BEGIN Information given

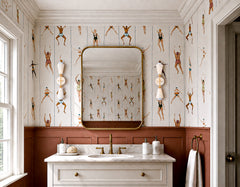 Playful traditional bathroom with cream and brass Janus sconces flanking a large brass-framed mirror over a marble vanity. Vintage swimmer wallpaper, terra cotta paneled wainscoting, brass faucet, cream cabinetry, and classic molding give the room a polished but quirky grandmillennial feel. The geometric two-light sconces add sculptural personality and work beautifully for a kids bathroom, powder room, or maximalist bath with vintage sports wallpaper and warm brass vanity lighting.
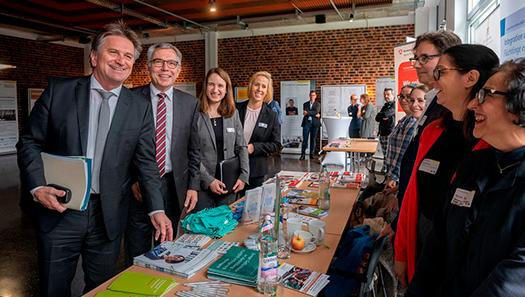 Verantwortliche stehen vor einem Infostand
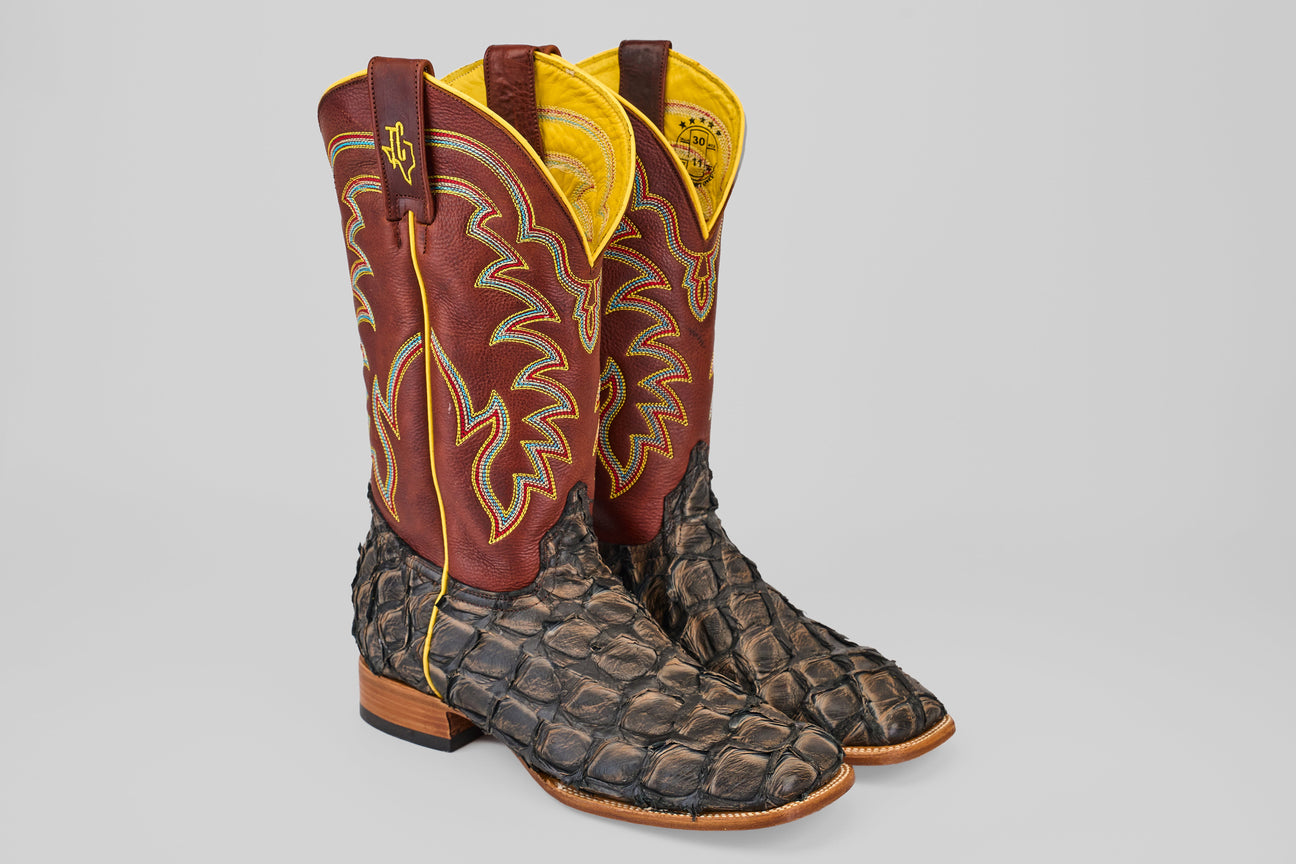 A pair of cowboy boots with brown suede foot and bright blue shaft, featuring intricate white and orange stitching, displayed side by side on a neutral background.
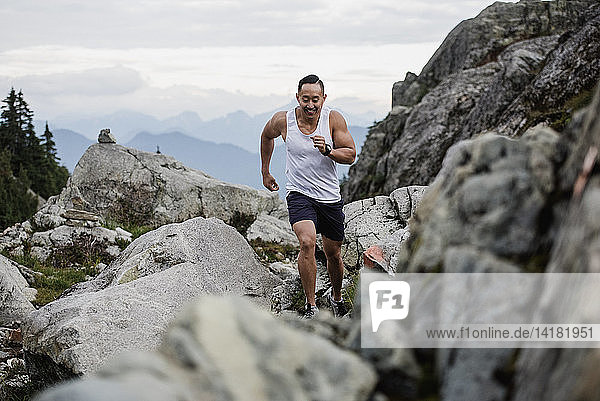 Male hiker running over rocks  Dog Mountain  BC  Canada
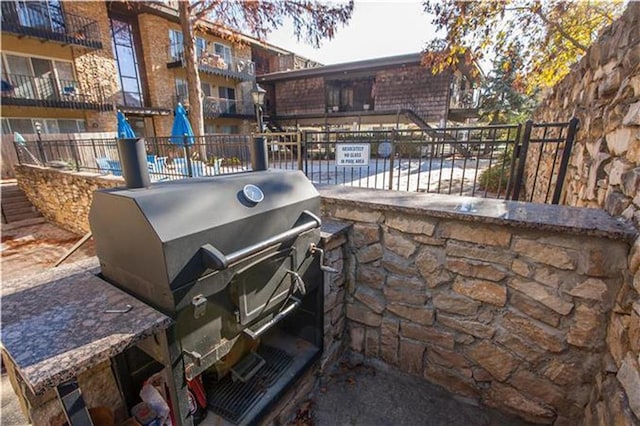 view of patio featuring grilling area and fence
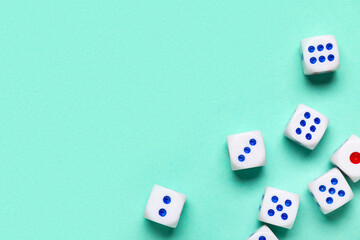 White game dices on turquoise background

END Information given

**Work instruction**
What you write must match, line for line, the records from the line containing "Verantwortliche stehen vor einem Infostand" through the last line, with every picture left out.

**Exercise result**
 Verantwortliche stehen vor einem Infostand
 A pair of cowboy boots with brown suede foot and bright blue shaft, featuring intricate white and orange stitching, displayed side by side on a neutral background.
 Male hiker running over rocks  Dog Mountain  BC  Canada
 view of patio featuring grilling area and fence
 White game dices on turquoise background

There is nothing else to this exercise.